A voz de Abbas é ainda mais vital neste momento porque ele não respondeu ao terrorismo do Hamas com silêncio. Abbas entende que, mesmo que seja correto ultrajar-se com a dor que Israel inflige nos civis de Gaza, reservar toda a nossa indignação para a dor de Gaza cria suspeições entre judeus de Israel e de todo o mundo, que notam quando nenhuma palavra é pronunciada a respeito das atrocidades do Hamas que desencadearam esta guerra. A primeira coisa que Abbas me disse a respeito do massacre do Hamas foi: “Ninguém pode aceitar o que aconteceu naquele dia. E nós não podemos condenar este ato e dizer ‘mas’ — esta palavra, ‘mas’, tornou-se imoral.” (Pesquisas recentes mostram uma condenação esmagadora da comunidade árabe-israelense ao ataque do Hamas.) 

 Abbas percebe as complexidades experimentadas por aquela mãe judia de Jerusalém que nunca perdeu a confiança no professor árabe-israelense de seus filhos e aquele dono de loja de bicicletas que imediatamente estendeu a mão para aliviar a dor de crianças judias que não conhecia. Ao mesmo tempo, contudo, Abbas falou a respeito da dor excruciante que árabes-palestinos e beduínos israelenses sentem ao ver parentes seus castigados e mortos em Gaza. “Uma das coisas mais difíceis hoje é ser árabe-israelense”, disse-me Abbas. “O árabe-israelense sente a dor duas vezes — uma como árabe, outra como israelense.” Há uma peculiaridade nessa vizinhança: se a gente olha somente para um ou outro grupo através de um microscópio, dá vontade de chorar — o massacre brutal de judeus, a maneira terrível que os colonos supremacistas judeus tratam os palestinos; a lista é infinita. Mas se olhamos para essas histórias através de um caleidoscópio, observando a complexidade de suas interações, é possível ver a esperança. 

Se você quiser noticiar de maneira correta a realidade de israelenses e palestinos, sempre leve um caleidoscópio no bolso. O que me traz às histórias dos árabes beduínos israelenses e o 7 de Outubro.
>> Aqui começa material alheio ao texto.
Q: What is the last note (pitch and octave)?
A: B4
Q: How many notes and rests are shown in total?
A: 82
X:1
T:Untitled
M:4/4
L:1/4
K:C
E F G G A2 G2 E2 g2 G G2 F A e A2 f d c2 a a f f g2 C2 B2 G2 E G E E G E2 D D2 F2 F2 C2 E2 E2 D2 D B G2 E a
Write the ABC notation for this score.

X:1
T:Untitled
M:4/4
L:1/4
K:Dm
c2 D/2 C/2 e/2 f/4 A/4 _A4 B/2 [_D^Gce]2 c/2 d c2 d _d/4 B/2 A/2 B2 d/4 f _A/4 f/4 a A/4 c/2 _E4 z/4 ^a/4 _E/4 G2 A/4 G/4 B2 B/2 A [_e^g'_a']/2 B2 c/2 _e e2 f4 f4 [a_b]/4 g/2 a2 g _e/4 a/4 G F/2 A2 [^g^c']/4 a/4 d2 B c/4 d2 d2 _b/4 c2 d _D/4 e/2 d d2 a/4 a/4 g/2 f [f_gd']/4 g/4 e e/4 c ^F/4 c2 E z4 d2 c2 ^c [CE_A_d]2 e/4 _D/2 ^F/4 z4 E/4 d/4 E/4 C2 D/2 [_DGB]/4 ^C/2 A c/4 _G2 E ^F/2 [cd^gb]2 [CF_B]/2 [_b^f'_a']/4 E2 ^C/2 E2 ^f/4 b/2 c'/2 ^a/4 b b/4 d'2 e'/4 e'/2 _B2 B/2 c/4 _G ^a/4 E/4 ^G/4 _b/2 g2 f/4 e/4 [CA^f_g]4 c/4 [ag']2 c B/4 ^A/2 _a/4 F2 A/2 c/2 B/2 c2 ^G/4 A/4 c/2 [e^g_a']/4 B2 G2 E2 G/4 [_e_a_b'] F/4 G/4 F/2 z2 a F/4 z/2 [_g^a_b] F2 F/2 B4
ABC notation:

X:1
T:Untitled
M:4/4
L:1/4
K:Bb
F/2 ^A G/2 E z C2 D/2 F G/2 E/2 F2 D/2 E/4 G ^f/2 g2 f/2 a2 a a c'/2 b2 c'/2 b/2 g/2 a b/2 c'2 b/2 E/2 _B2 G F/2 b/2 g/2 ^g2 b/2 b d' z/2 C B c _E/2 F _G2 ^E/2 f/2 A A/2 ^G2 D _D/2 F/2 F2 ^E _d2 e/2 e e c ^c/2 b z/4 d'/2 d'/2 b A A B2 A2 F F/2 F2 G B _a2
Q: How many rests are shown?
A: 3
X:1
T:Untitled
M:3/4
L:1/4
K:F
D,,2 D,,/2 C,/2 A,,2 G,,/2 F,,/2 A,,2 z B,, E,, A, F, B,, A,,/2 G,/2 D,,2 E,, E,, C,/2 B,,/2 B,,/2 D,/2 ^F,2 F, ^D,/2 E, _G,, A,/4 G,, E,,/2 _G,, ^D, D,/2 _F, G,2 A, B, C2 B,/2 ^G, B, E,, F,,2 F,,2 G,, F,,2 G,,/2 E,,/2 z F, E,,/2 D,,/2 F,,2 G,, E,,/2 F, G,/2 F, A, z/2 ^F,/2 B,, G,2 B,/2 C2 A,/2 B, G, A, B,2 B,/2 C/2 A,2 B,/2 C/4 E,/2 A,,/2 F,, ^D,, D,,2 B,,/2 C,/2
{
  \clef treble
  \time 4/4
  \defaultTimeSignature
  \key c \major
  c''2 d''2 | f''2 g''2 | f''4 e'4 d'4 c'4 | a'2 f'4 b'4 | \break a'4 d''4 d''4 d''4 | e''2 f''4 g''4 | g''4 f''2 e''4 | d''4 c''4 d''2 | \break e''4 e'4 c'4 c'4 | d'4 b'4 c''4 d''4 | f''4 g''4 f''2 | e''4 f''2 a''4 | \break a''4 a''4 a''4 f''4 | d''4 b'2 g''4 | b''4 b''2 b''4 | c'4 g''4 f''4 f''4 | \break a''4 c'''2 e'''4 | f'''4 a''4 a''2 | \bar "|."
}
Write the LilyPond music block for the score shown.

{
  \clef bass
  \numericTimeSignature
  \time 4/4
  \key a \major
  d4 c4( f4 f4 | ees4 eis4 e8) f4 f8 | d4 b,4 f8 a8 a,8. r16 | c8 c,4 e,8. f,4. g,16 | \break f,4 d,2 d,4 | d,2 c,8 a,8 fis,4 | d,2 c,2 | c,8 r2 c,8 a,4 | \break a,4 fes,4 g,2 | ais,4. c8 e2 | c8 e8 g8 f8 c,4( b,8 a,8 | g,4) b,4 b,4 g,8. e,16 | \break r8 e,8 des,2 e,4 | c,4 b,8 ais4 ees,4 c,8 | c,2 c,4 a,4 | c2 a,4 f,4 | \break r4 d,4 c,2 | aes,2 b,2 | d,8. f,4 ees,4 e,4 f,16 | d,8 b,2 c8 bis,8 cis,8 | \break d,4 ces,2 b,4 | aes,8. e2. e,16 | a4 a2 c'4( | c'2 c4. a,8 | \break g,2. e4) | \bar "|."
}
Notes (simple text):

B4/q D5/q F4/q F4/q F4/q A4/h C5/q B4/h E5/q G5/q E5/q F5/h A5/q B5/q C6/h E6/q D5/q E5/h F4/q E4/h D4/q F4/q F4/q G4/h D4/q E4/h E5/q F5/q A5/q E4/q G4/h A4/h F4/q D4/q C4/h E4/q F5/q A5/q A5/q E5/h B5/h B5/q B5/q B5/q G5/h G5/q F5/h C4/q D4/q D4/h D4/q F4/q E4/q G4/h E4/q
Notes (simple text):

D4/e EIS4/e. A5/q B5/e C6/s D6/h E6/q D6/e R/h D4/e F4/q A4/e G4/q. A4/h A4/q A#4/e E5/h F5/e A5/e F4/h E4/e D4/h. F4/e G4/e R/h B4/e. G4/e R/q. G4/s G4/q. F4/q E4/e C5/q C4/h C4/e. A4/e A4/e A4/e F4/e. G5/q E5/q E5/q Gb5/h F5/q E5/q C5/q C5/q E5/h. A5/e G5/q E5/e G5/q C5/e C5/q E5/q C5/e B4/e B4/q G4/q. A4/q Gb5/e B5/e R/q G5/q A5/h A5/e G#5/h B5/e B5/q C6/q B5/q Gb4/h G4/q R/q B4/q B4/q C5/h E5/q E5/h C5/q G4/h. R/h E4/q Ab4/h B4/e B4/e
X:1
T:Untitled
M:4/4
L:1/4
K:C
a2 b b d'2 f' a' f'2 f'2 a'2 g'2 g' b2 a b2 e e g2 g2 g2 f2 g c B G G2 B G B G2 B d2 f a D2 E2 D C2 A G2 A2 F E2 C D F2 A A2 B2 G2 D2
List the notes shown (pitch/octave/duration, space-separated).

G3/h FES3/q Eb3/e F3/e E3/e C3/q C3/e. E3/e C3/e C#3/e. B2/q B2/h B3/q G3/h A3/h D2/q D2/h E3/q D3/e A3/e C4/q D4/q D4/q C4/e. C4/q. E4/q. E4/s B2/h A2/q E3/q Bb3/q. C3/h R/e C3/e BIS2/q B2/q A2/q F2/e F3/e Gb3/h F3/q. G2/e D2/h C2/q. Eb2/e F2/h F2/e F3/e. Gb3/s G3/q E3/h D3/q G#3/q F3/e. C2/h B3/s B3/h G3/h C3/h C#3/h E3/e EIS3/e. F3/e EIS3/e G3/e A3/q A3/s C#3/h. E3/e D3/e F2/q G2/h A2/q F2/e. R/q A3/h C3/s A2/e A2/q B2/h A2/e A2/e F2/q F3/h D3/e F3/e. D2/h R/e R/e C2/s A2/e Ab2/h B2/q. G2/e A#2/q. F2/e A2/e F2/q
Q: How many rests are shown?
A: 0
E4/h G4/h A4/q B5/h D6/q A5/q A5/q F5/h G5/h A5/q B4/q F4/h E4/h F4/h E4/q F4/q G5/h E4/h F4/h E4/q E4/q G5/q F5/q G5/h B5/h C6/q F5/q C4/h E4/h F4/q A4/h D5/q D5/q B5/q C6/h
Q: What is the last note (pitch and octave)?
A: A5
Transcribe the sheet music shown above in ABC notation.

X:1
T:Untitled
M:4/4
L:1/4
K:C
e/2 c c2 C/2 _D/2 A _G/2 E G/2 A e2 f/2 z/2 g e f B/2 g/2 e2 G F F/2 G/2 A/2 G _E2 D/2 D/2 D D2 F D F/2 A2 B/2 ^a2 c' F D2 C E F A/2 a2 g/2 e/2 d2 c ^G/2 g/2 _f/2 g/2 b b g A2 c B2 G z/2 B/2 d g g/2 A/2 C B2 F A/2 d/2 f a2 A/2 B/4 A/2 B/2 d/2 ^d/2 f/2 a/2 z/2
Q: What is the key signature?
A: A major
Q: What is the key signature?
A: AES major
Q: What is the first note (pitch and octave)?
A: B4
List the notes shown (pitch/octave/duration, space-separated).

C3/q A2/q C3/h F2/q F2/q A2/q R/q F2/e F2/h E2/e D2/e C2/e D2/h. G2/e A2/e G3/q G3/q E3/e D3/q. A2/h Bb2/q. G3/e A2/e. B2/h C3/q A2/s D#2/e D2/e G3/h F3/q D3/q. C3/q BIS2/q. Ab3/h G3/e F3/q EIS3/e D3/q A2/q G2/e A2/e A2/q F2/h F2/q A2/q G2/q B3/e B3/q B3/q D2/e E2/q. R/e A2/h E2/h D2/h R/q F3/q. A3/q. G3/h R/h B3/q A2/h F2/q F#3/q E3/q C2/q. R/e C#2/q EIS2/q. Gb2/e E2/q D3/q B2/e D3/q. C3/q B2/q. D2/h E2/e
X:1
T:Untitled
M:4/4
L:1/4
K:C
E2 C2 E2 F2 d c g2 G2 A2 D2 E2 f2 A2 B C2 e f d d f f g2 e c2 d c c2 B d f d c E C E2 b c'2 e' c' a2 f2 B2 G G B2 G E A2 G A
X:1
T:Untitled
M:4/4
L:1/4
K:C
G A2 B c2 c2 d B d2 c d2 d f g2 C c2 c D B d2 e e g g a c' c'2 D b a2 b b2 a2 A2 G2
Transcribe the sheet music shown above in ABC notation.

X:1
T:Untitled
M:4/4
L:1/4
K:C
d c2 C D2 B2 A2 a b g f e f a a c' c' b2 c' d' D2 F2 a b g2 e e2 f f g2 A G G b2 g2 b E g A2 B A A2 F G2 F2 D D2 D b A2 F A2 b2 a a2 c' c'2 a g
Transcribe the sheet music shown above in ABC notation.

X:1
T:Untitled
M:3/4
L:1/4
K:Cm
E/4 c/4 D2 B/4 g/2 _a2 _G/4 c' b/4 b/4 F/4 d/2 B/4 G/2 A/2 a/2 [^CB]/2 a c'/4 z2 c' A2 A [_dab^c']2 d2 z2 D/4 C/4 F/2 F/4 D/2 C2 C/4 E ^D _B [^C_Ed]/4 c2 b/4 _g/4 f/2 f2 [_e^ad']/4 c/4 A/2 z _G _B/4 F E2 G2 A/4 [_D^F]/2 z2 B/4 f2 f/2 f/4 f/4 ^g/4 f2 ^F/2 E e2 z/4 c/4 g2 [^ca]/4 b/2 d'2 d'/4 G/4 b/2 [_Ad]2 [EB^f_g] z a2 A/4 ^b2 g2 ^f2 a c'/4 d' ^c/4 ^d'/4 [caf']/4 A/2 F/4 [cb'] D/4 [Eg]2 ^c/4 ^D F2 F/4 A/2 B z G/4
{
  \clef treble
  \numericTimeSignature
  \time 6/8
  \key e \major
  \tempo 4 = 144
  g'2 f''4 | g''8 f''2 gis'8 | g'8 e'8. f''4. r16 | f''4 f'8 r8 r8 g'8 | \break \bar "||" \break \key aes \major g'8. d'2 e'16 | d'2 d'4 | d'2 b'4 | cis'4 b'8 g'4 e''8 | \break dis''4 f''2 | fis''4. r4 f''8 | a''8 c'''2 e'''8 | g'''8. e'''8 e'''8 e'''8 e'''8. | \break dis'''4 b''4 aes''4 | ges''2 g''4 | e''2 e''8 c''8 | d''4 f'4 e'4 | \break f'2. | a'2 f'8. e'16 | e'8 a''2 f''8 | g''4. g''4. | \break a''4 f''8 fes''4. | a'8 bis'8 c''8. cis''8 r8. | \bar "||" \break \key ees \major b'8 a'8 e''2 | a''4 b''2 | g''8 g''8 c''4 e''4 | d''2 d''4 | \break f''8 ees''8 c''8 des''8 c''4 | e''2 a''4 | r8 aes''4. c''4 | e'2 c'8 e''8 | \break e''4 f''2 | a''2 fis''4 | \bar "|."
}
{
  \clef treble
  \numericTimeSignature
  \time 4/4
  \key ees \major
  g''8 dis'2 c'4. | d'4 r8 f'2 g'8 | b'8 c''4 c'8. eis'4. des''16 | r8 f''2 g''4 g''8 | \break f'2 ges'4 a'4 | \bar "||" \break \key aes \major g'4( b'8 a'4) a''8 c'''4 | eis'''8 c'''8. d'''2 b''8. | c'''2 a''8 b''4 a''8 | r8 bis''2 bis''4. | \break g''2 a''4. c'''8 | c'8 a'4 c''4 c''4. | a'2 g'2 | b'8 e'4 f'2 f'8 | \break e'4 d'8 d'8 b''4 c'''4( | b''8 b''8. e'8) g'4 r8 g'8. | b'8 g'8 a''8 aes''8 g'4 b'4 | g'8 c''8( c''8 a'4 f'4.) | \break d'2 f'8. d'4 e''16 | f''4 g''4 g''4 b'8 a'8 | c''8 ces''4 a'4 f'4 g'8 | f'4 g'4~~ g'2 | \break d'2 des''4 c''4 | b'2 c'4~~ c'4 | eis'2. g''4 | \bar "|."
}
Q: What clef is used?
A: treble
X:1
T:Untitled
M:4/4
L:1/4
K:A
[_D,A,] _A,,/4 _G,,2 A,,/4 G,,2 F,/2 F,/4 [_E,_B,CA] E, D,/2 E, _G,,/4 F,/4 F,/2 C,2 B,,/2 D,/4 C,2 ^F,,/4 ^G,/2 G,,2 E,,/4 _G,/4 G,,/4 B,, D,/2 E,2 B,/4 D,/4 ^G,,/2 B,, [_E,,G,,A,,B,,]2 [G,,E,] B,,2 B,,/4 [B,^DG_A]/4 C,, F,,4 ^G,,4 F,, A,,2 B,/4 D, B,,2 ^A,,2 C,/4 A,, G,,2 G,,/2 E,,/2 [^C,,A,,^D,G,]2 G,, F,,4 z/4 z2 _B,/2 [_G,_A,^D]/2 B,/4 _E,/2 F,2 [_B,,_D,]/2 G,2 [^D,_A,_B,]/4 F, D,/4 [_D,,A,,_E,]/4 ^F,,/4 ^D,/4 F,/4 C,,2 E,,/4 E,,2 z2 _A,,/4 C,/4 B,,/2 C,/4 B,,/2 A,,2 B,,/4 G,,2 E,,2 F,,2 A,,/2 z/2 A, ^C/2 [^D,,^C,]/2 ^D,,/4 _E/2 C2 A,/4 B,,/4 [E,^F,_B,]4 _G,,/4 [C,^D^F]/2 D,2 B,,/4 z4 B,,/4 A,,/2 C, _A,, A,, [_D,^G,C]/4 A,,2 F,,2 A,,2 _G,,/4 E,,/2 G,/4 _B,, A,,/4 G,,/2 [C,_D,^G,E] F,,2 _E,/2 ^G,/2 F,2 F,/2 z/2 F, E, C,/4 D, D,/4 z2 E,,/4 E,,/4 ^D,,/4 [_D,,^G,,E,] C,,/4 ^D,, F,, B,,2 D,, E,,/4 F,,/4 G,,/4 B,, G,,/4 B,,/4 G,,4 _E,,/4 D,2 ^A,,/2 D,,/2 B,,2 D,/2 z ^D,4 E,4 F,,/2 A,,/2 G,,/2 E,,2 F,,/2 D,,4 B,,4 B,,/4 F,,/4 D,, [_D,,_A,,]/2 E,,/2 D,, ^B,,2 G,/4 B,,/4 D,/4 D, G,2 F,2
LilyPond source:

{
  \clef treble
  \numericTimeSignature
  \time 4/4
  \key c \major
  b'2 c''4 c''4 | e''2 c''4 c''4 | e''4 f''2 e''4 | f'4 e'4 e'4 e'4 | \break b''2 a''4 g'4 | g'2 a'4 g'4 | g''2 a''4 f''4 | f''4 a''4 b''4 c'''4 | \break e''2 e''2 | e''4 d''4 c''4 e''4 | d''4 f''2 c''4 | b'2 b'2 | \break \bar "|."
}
Cerca de uma semana após o início da minha viagem, eu recebi um telefonema do meu amigo Avrum Burg, ex-presidente da Knesset israelense, cujo avô era rabino-chefe de Hebron em 1929. Ele me contou que seu amigo Talab el-Sana — um árabe beduíno israelense que serviu com ele na Knesset e deu o voto de Minerva que formou a maioria que permitiu a Yitzhak Rabin fazer o acordo de paz de Oslo — queria me levar para conhecer alguns “beduínos virtuosos”; cidadãos de Israel de língua árabe, muçulmanos, mas fluentes em hebraico, que tinham desempenhado papéis heróicos salvando judeus do ataque do Hamas. Se você quiser noticiar de maneira correta a realidade de israelenses e palestinos, sempre leve um caleidoscópio no bolso.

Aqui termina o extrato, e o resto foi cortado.